С тех пор сто лет потели, чтобы сделать из Гоголя Чехова, из «Портрета» что-то вроде «Ионыча»… Но Гоголь не мог «просто, без фантастических затей», без чорта, изобразить Чарткова. Там, во тьме, в бурлении фантасмагорий, скрывалась его реальность, давшая добрые всходы в том числе и «на почве ежедневной действительности» (но не так, как зудел Белинский) — в форме анекдота, уловившего то же кипение производительных магических сил, завихрения сверхъестественного на поверхности материи.

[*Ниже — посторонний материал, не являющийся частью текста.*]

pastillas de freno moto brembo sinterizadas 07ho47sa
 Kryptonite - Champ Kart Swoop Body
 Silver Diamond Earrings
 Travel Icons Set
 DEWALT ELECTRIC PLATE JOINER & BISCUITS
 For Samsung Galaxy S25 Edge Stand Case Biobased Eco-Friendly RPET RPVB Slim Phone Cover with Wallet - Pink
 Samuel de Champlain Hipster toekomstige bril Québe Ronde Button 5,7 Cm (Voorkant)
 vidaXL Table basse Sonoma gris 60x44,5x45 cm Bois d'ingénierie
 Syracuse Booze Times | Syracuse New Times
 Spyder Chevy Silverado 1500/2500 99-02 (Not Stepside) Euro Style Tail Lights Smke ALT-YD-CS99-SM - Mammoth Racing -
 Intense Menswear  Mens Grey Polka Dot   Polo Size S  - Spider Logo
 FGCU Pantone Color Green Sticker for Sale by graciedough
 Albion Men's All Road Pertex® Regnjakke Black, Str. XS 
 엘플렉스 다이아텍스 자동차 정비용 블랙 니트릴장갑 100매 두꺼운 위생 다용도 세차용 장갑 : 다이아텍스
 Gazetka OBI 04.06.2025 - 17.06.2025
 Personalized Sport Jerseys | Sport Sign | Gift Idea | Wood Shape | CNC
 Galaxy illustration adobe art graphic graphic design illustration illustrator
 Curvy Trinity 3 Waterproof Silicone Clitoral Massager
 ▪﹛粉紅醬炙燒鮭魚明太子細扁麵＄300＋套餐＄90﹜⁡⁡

Корка пошлости тем и отрадна Гоголю (а не только страшна и губительна), что сквозь ее толщу пробиваются снизу чудодейственные смерчи и гейзеры, образующие наверху анекдот, завиток, гоголек, как свидетельства прекрасных превратностей. Метафизические и волшебные корни анекдотов Гоголя прослеживаются даже в «Шпоньке» (сон о вездесущей жене Ивана Федоровича), в «Коляске» (Чертокруцкий, которому чорт закрутил голову), не говоря уже о «Ревизоре» и о «Носе». Внешне ординарные, «ежедневные» портреты и натюрморты позднего Гоголя — продолжение чудовищ «Вия» и «Портрета». В сфере затрапезных вещей, воскресших с «Мертвыми Душами», прыгающих в глаза, Гоголь занимается тем же древним телекинезом, что и его Пузатый Пацюк, уписывающий вареники в «Ночи перед Рождеством»:

«Только что он успел это подумать, Пацюк разинул рот; поглядел на вареники и еще сильнее разинул рот. В это время вареник выплеснул из миски, шлепнулся в сметану, перевернулся на другую сторону, подскочил вверх и как раз попал ему в рот. Пацюк съел и снова разинул рот, и вареник таким же порядком отправился снова…»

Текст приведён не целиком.